Required action →
Copy, without a single change, each line from the one that holds "A jogada que" to the bottom of the entries below, and drop any pictures.

'''

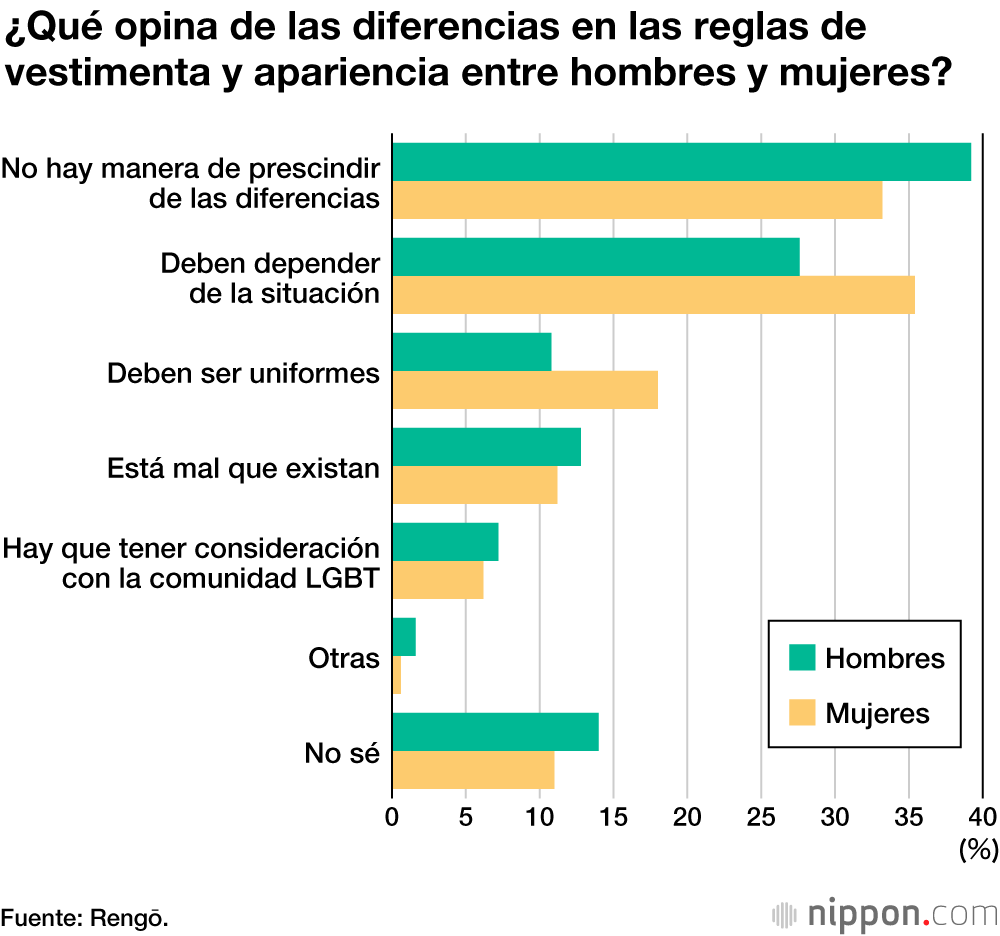 Zapatos de tacón y maquillaje: las reglas de vestimenta y apariencia en las empresas japonesas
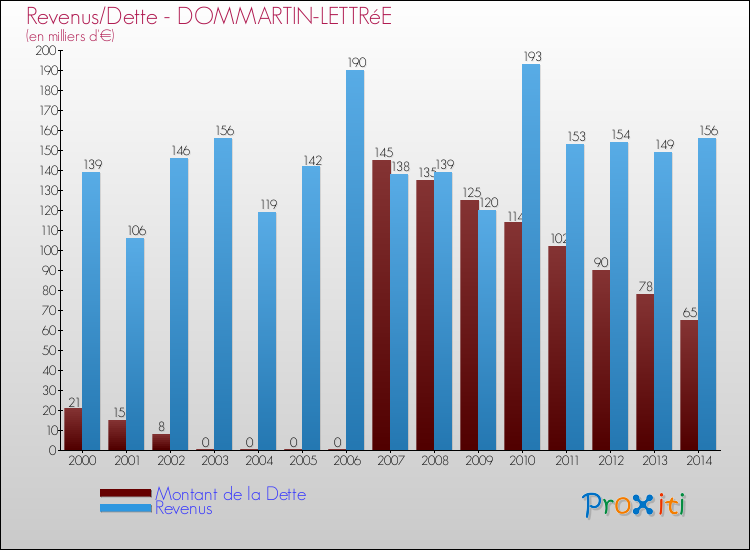 Evolution comparée de la dette et des revenus pour la commune de DOMMARTIN-LETTRéE de 2000 à 2014 Comparaison de la dette et des revenus pour DOMMARTIN-LETTRéE de 2000 à 2014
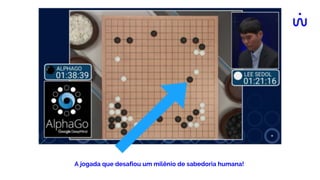 A jogada que desafiou um milênio de sabedoria humana!
 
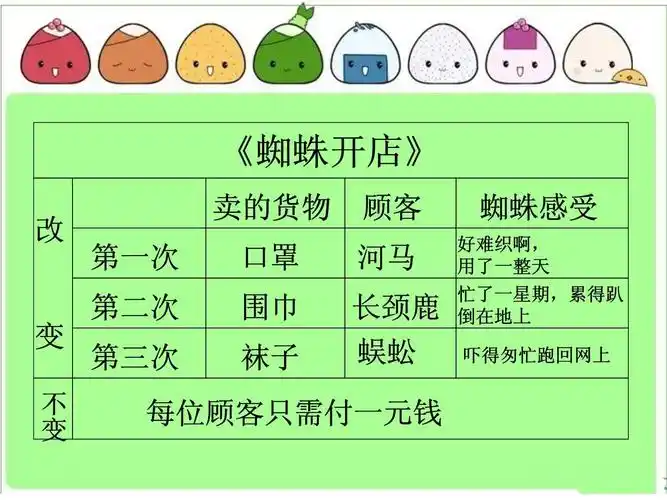 蜘蛛开店1x主题阅读课件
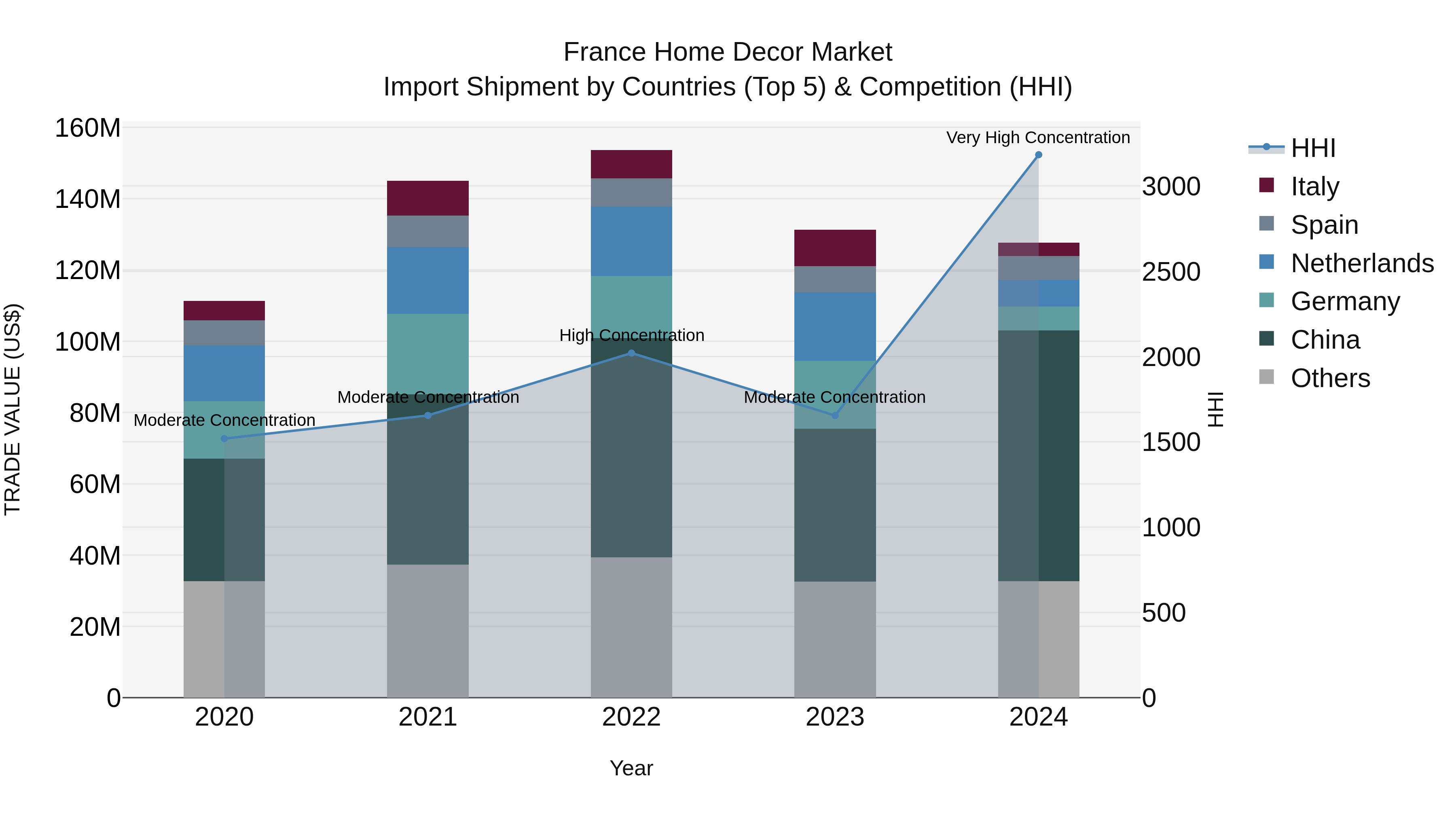 France Home Decor Market Top 5 Importing Countries and Market Competition (HHI) Analysis
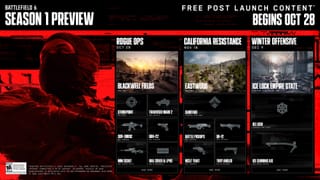 Battlefield 6: Season 1 - Roadmap Revealed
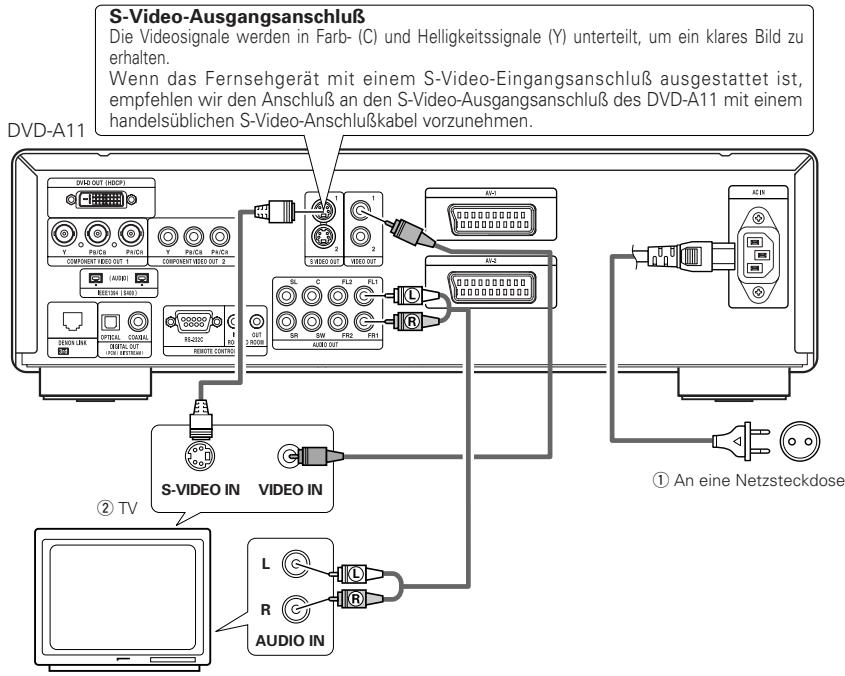 DENON DVD-A11 - Anschluss an ein Fernsehgerät - 1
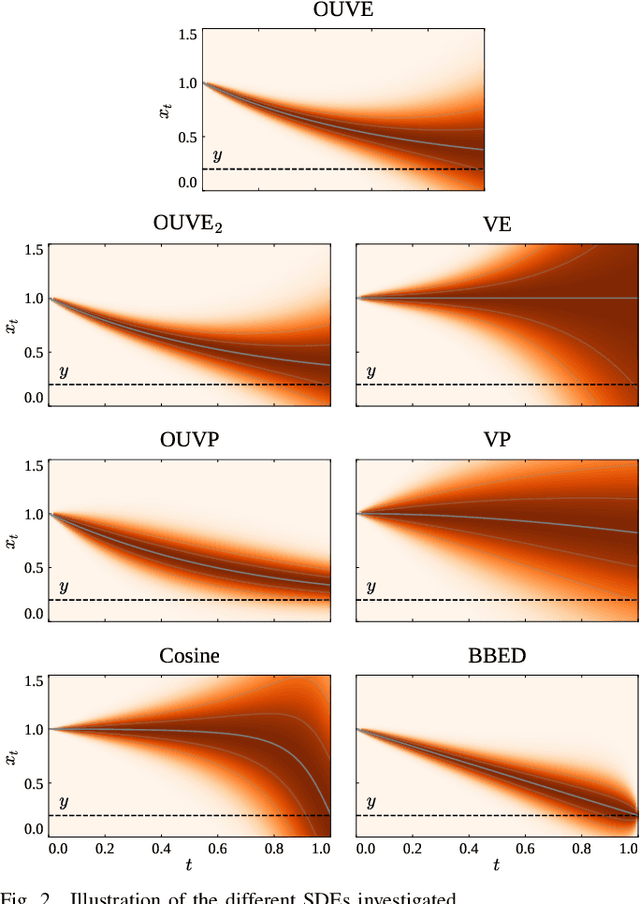 Figure 2 for Investigating the Design Space of Diffusion Models for Speech Enhancement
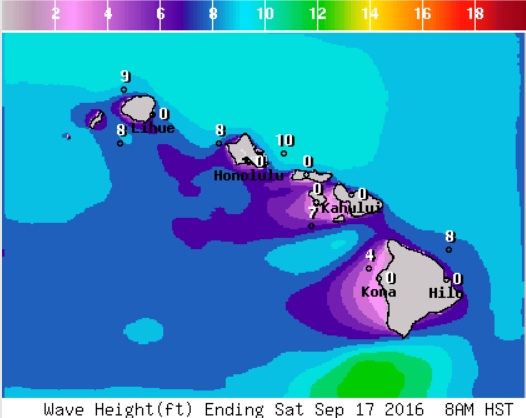NWS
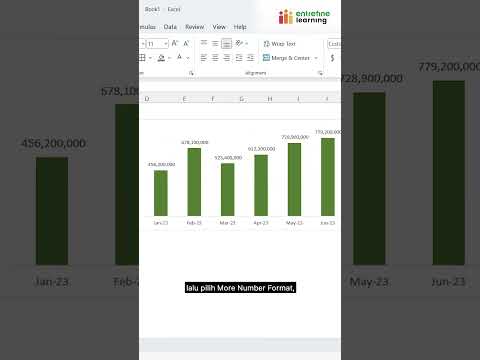 Biar grafik kamu makin mudah dibaca #exceltricks #Grafikexcel #exceltips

'''

Response to this task →
 A jogada que desafiou um milênio de sabedoria humana!
 
 蜘蛛开店1x主题阅读课件
 France Home Decor Market Top 5 Importing Countries and Market Competition (HHI) Analysis
 Battlefield 6: Season 1 - Roadmap Revealed
 DENON DVD-A11 - Anschluss an ein Fernsehgerät - 1
 Figure 2 for Investigating the Design Space of Diffusion Models for Speech Enhancement
NWS
 Biar grafik kamu makin mudah dibaca #exceltricks #Grafikexcel #exceltips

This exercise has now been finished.